What are the best low-effort meals for when you are too tired to cook?

After a long day, it’s tempting to grab whatever is convenient, but I want to stay on track. What are your go-to meals when you don’t have the energy to cook but want to eat healthy?

This is why I meal prep so that I don’t have to worry about cooking all week.

VTrader Joe’s prepared meals are typically 350-500 calories, and you can choose the ones with the best macros. I always keep approximately ten various cuisines (italian, Chinese, Indian, and Mexican) in the freezer, as well as frozen mixed vegetables.

If you weigh between 1500 and 2000 pounds, they are an excellent solution to simplify calorie counting and typically cost less than $5.

I also keep canned tuna and shredded cheddar on hand. Mix the tuna with some salt, mustard, cheese, and mayonnaise. Cook it in a nonstick pan and serve on a hamburger bun. You’ve got a 500-calorie meal with your mixed vegetables. It takes five minutes.

Pre-packaged salads, frozen mixed vegetables with frozen fish, pre-shredded rotisserie chicken with vegetables in a low carb wrap, lettuce wrapped…

I meal prep 1-2 times each week. Usually on Saturdays (or Sundays) and Tuesdays (one of my days off). As a result, when the week becomes hectic and I don’t have time to prepare a dinner from scratch, I always have healthy snacks on hand.

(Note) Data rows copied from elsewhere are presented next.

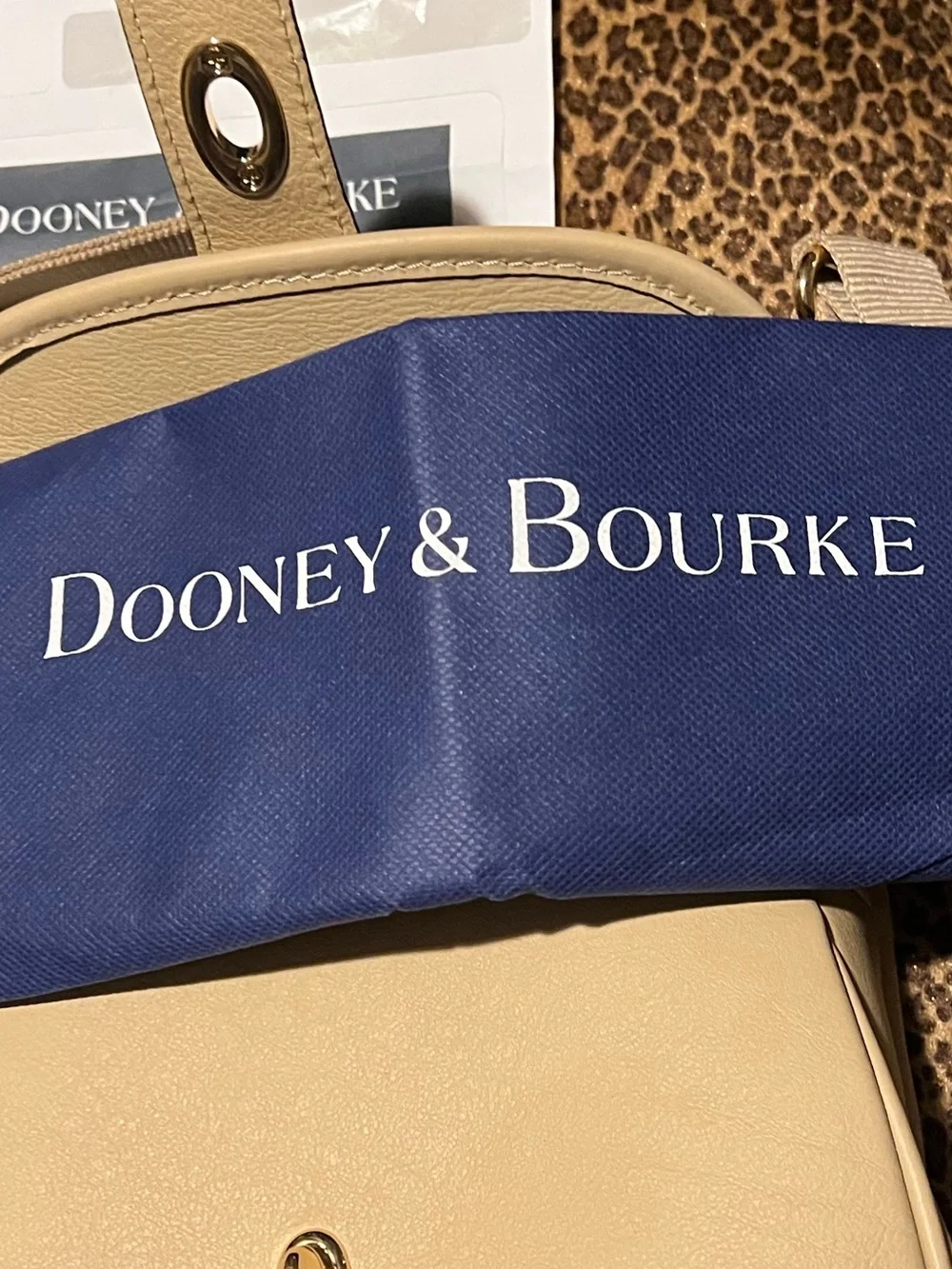 Dooney & Bourke Leather Crossbody in Tomato with Gold Hardware NWT - Picture 3 of 8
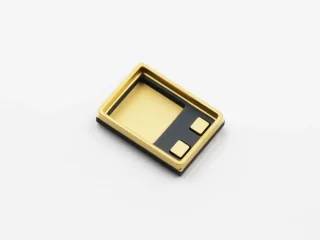 Ceramic Surface-Mount Power Package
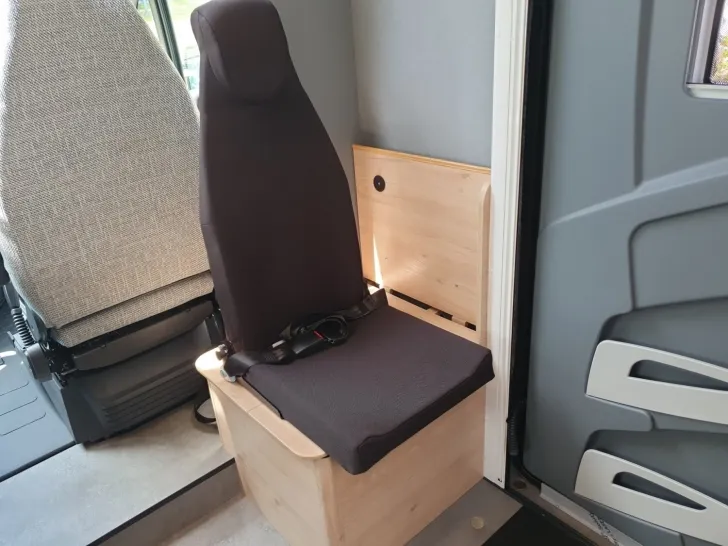 Fahrzeugbild Dethleffs Just Camp T 7052 EB 5 Sitzplätze #14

100 grammes of frozen ground beef. 150 grammes of frozen peas. In a pan.

Or

Fried egg on a slice of toasted bread.

I preplan meals for breakfast and lunch, so it’s easy to make for evening.

More than half the battle is won before the war even begins.

Think clever, bud.

Smart ones’ television meal saved my life. My favourites are cheesy broccoli potatoes (200 calories, 9 grammes of protein) and chicken basil veggies (180 calories, 19 grammes of protein). Dress them up with some seasonings.

You can get restaurant tupperware containers for very cheap; the 16 oz size is ideal for individual meals, and you can get about 60 for $20. Anyway, if you’re not having dinner leftovers for lunch, you can just freeze them and have a frozen meal that was made at home. If you’ve weighed it, you may put the calories and macros on the container if you wish.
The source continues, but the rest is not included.